Васса взяла книгу и гордо удалилась.
— Не обращай внимания, Илья Иванович, это у нее возрастное… От чересчур щедрого сердца. Для нее пока что существует только черное и белое… Пройдет со временем.
— Я так и понимаю, — ответил Афанасьев с деланной улыбкой, а сам подумал ревниво: «Какую, однако, ярую защитницу приобрел Варухин! Огонь девка! Зря только по мне молнии мечет, я вовсе не дорожу ее знаменитым подзащитным».
С той памятной ночи на полуострове Афанасьев Варухина терпеть не мог. К тому ж не было дня без того, чтоб Варухин не отколол какой-нибудь номер. Если он понадобился зачем-то командиру, пусть забирает ради бога! Афанасьев и сам подумывал не раз, куда бы спихнуть такое добро…
— Мы тут с комиссаром приняли решение, — сказал Коржевский, — пустить Варухина по химической части.
— Он вам нахимичит… — язвительно произнес Афанасьев.
— Вот видишь, Илья Иванович, ты действительно воспринимаешь его не совсем… — Коржевский, заметив усмешку, скользнувшую под усами Купчака, рассердился. — Не вижу ничего смешного. Специалистов химичить хоть пруд пруди, а вот создать горючую жидкость никого не найдешь! В бою бутылка горючей жидкости… Да что говорить! Через неделю-другую закончим комплектовку отряда и начнем действовать. Все службы должны четко работать. Так что присылай мне деда Адама немедленно. А Варухина… этот пусть пока останется в твоем взводе.
— В какой, простите, должности?
— Бойца! Рядового. А когда добудем необходимые химпрепараты, используем по специальности.
Афанасьев встал, надел пилотку, козырнул:
— Есть прислать Чубовского и оставить Варухина в должности бойца до получения химпрепаратов! Разрешите идти?
Коржевский дернул себя за бороду и, вспомнив что-то, молвил с усилием:
— Ты, Илья Иванович, того… помягче с этим Варухиным. Учитывай, так сказать… Старайся в первую очередь находить в людях хорошее и развивать… Понял?
— Так точно! Будет выполнено.
Коржевский вздохнул и отпустил командира взвода.
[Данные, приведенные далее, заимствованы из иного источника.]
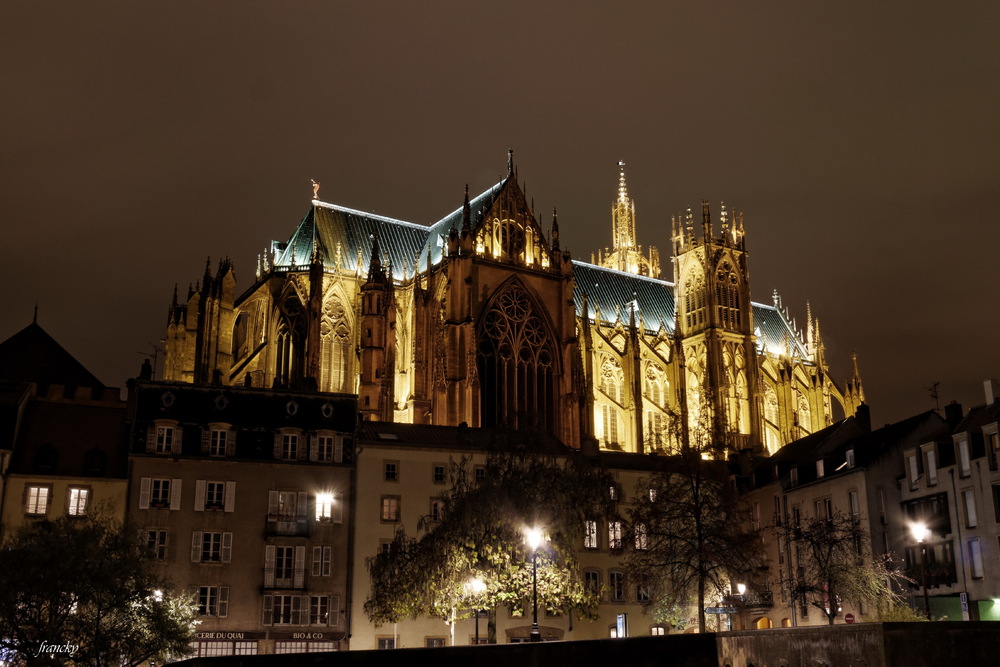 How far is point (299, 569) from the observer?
157 ft

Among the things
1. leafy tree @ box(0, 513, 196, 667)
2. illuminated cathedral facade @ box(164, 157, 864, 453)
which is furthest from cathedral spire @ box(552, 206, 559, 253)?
leafy tree @ box(0, 513, 196, 667)

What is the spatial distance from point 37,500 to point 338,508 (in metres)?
11.5

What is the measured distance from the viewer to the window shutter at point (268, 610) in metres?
46.8

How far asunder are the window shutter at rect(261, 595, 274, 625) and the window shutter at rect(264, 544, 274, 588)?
49 cm

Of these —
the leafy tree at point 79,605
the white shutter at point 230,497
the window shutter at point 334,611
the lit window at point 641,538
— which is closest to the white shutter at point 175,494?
the white shutter at point 230,497

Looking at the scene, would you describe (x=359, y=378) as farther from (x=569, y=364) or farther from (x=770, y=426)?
(x=770, y=426)

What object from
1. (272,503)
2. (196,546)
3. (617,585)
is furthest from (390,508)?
(617,585)

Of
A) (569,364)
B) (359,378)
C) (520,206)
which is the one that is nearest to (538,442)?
(359,378)

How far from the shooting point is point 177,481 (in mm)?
47969

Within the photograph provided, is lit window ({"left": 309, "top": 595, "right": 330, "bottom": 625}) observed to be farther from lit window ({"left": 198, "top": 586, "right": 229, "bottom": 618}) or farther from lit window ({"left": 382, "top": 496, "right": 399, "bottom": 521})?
lit window ({"left": 382, "top": 496, "right": 399, "bottom": 521})

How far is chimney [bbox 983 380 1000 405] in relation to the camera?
156 feet

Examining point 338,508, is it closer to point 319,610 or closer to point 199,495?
point 319,610

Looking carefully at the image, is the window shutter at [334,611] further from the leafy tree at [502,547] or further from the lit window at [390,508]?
the lit window at [390,508]

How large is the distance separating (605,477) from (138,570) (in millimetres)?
17087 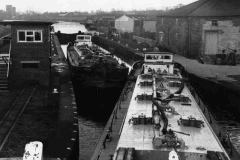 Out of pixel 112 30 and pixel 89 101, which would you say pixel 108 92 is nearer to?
pixel 89 101

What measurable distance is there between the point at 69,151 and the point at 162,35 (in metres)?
47.7

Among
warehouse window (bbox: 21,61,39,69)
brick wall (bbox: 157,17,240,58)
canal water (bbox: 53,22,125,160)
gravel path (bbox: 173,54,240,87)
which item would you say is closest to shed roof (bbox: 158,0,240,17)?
brick wall (bbox: 157,17,240,58)

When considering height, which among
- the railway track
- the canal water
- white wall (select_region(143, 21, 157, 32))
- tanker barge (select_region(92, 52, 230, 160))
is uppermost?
white wall (select_region(143, 21, 157, 32))

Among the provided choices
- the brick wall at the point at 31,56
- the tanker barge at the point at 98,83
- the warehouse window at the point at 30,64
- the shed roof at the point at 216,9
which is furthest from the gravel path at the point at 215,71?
the warehouse window at the point at 30,64

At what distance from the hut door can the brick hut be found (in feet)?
73.2

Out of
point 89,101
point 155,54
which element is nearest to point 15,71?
point 89,101

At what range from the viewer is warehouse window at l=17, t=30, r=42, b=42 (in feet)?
A: 86.0

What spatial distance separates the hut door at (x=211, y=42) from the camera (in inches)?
1649

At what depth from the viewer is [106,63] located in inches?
1230

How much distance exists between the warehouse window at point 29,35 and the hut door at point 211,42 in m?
22.7

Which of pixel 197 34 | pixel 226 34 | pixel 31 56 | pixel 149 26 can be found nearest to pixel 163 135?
pixel 31 56

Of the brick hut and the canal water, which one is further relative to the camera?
the brick hut

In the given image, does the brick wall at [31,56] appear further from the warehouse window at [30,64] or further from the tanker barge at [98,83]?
the tanker barge at [98,83]

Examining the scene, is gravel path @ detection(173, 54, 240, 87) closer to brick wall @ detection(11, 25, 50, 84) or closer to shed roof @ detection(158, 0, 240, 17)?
shed roof @ detection(158, 0, 240, 17) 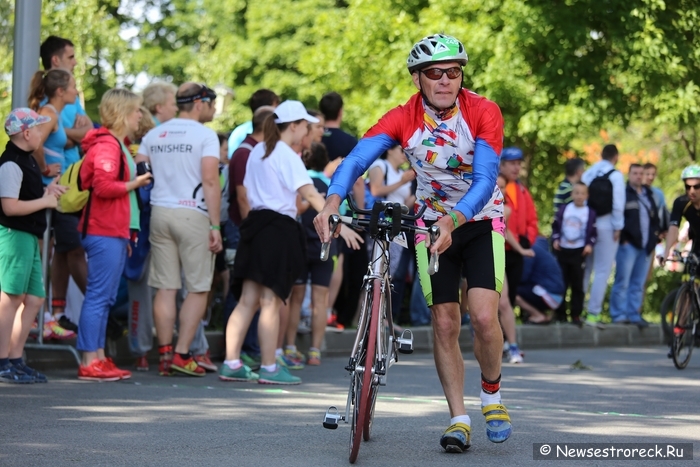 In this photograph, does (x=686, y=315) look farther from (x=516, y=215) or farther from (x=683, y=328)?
(x=516, y=215)

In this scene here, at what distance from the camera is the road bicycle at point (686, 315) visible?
1305cm

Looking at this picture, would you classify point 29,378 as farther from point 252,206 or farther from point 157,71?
point 157,71

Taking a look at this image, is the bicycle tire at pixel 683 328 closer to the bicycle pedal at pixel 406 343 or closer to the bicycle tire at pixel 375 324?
the bicycle pedal at pixel 406 343

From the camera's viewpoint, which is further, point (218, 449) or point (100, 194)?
point (100, 194)

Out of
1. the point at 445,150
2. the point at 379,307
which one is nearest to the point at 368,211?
the point at 379,307

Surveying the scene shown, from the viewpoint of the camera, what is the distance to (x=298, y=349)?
507 inches

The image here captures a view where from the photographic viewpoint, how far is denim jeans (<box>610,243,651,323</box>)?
17.3 metres

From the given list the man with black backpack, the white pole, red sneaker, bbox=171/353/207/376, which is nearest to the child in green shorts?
red sneaker, bbox=171/353/207/376

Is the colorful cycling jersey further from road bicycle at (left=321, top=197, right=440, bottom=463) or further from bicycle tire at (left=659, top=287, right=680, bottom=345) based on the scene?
bicycle tire at (left=659, top=287, right=680, bottom=345)

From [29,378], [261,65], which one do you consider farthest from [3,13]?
[261,65]

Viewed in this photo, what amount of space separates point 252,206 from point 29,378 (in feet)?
7.35

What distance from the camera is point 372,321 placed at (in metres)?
6.46

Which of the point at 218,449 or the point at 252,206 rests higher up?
the point at 252,206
«Расплакался, подлец, перед дочкой командира, заскулил на свою судьбу. Меня законченным извергом изобразил. Недаром Васса так напустилась», — подумал Афанасьев о Варухине и по существу был прав, но по форме это выглядело несколько иначе. Варухин не дурак жаловаться открыто на тех, от кого зависит в какой-то мере, напротив: Афанасьева он даже подхваливал, но делал это таким образом, что впечатление о нем у Вассы складывалось совершенно отрицательное, а сам Варухин в ее глазах выглядел безответным страдальцем. Между тем хитрому «страдальцу» в общем-то жилось неплохо, чрезмерными стараниями он себя не утруждал, и, когда ему временами казалось, что его прижимают, он прибегал к испытанным приемам. Чего проще при нужде прикинуться непонятливым, туповатым простачком! Таких все жалеют, на их ошибки смотрят сквозь пальцы, не отягчая себя заботами разобраться, ошибки это или что-то другое.
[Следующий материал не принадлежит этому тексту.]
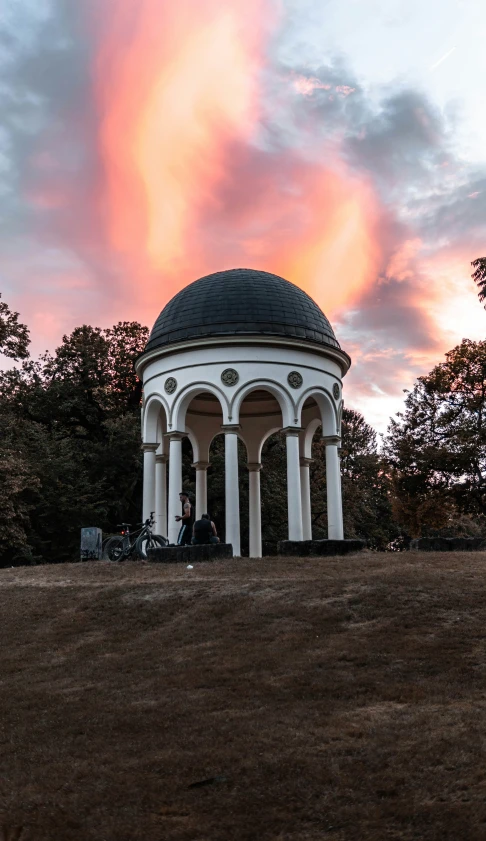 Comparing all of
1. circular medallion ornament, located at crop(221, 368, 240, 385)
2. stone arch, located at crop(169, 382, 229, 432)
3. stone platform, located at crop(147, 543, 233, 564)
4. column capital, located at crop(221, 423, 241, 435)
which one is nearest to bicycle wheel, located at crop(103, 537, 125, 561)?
stone platform, located at crop(147, 543, 233, 564)

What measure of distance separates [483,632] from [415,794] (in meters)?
5.42

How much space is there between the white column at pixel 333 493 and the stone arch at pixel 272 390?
2.07 m

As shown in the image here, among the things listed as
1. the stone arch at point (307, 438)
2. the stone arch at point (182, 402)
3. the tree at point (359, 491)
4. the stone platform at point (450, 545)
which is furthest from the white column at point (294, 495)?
the tree at point (359, 491)

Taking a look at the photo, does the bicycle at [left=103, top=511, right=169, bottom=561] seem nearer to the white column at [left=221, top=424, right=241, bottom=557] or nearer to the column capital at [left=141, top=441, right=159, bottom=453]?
the white column at [left=221, top=424, right=241, bottom=557]

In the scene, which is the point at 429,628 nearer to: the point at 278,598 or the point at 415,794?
the point at 278,598

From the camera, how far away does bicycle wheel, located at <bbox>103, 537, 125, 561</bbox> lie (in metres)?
22.3

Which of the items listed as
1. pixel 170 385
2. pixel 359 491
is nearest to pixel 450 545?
pixel 170 385

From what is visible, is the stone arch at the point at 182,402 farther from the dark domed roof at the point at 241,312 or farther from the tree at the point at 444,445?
the tree at the point at 444,445

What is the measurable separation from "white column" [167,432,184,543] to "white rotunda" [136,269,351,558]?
0.03 m

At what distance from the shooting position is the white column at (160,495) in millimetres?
27406

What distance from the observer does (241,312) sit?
25469 millimetres

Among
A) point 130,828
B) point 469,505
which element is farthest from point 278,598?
point 469,505

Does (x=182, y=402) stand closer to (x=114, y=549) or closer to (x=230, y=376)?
(x=230, y=376)

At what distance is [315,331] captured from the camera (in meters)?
26.2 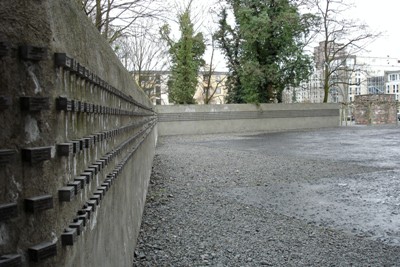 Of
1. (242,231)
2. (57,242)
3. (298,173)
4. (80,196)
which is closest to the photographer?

Совершенно неожиданно и весьма кстати появилась поддержка со стороны дочки Коржевского. А появилась потому, что он с первой же встречи сумел взять нужный тон, подчеркнуть легким штришком собственную значительность. При следующих встречах с Вассой, а встречались они по нескольку раз на дню, Варухин рассказал, как пришлось воевать ему в десантной бригаде, хотя он ни единого выстрела по врагу не сделал, поскольку обязан был следить за «химической безопасностью роты», рассказывал и о том, как до войны учился в институте и кем собирался стать. При этом он не выпячивал себя. И ни о ком не обмолвился худым словом. Зачем? Все люди-человеки, все грешны. Что поделаешь? Идеалов нет. Нет идеалов, но есть те, кто стремится к совершенству. Они видят все, все понимают и потому относятся к человеческим недостаткам терпимо.